For now the unit will focus on the United States for now, Mr. Neuser said, but over time there may be more opportunities abroad.
He said he plans to work closely with Credit Suisse to help the business develop. “This is a unique boutique business associated with a one of the largest and most powerful private bank in the world,” he said.
Mr. Neuser was a senior vice president at UBS Wealth Management, which was created by the merger of UBS Private Bankers and Warburg Financial Advisors. He oversaw their integration.
He came to UBS in 2000 from Merrill Lynch, his employer for 23 years. He was the director of marketing for Merrill Lynch International when the firm entered private banking.
“We built a private bank and a private banking platform specifically to work with high-net-worth international clients,” he said. Merrill formed the unit “because it is what the clients wanted us to do,” he said.
He said he is confident there are opportunities to develop scale in the private-client business.
“Study after study that I have seen on the high-net-worth arena indicates that there is no one with more than 5% market share,” he said. “That is good news and bad news, because it means we don’t have it but no one else has share either. There is an opportunity here.”
Mr. Neuser said he expects dramatic consolidation in the private-client business.
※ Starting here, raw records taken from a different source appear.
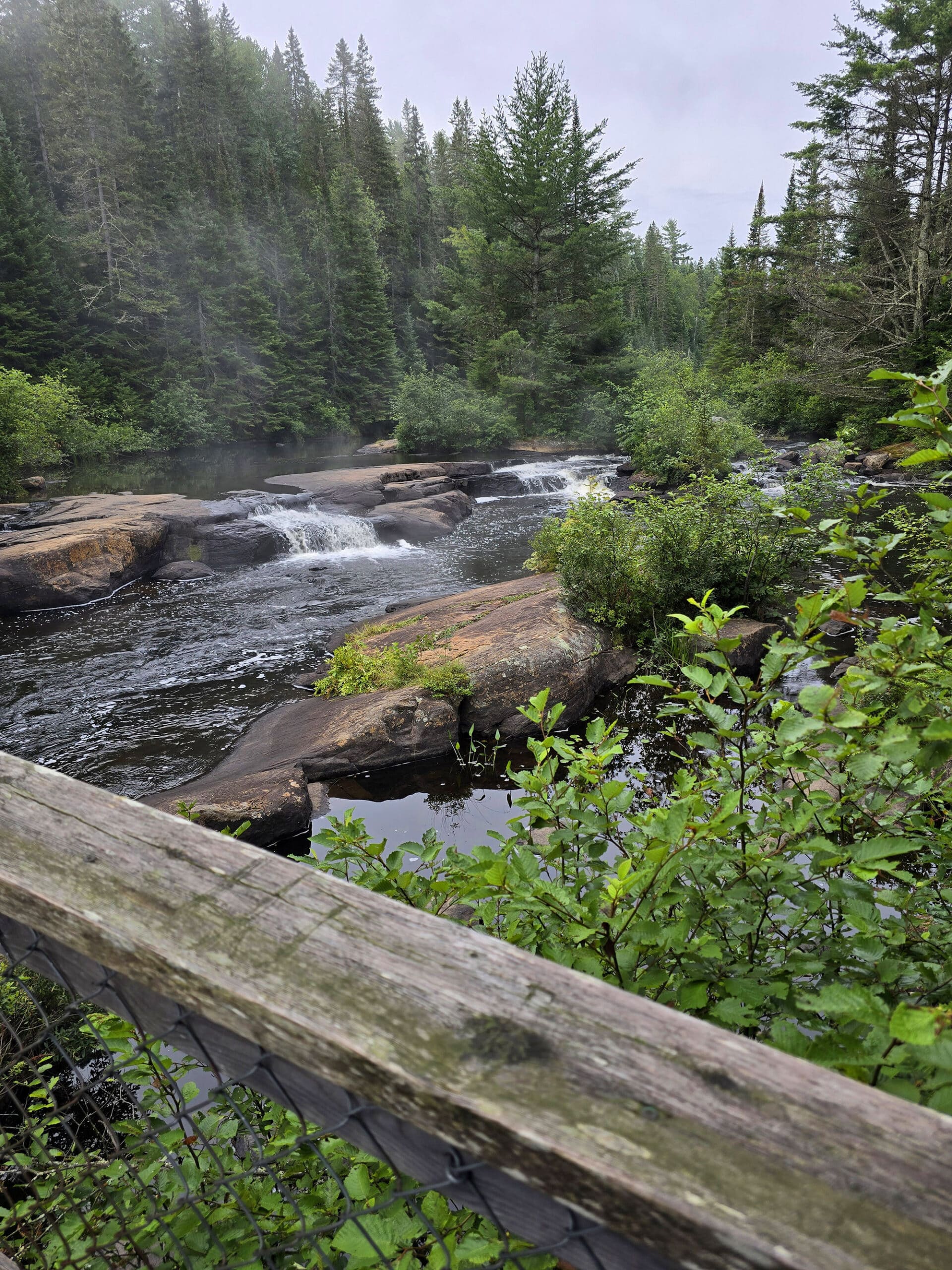 Provoking waterfall, viewed from a wooden bridge.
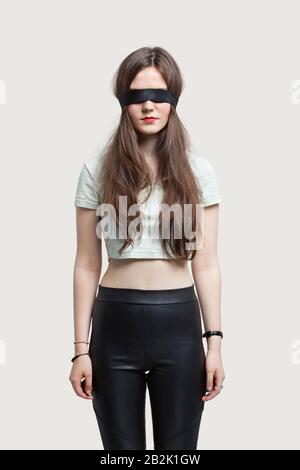 Young Woman Wearing Black Blindfold Isolated On Grey Stock Photo, Picture  and Royalty Free Image. Image 114818746.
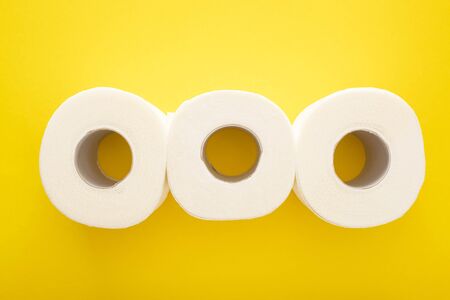 flat lay with white toilet paper rolls on yellow background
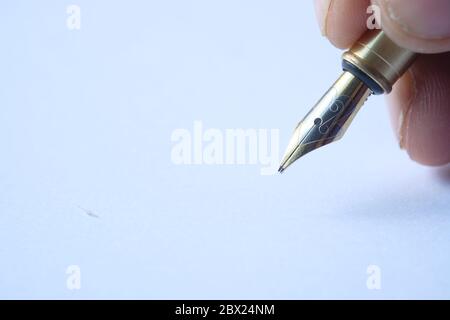 Fountain pen in the hand on the white paper Stock Photo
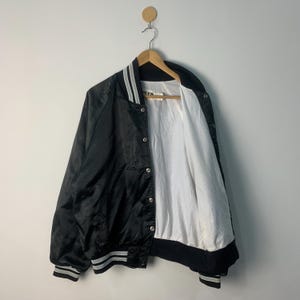 May include: Black satin baseball jacket with white stripes on the collar and cuffs. The jacket has a snap closure and multiple pockets.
Commercial banks are trying to provide more investment banking services and investment banks are trying to provide more commercial banking products, he observed.
“This isn’t a strategic decision; it is happening because clients are demanding it,” he said. “Wealthy customers want all of their products and services at one venue.”
Analysts and competitors agreed.
Burton Greenwald, a Boston analyst, said it is difficult to expand as much as CSFB plans to without making a major acquisition. “I think banks and their subsidiaries all want to make significant strides organically, but some moves need more than just some strategic hirings,” he said. “For firms to really grow, it requires some more creative thinking.”
Mr. Neuser said the direction and success of his unit “will not be based on what products we are going to develop.”
“We have to look at our clients and provide them with the right solutions,” he said. “That means superb asset management, strong alternative — products such as private equity and hedge funds — and attractive lending products.”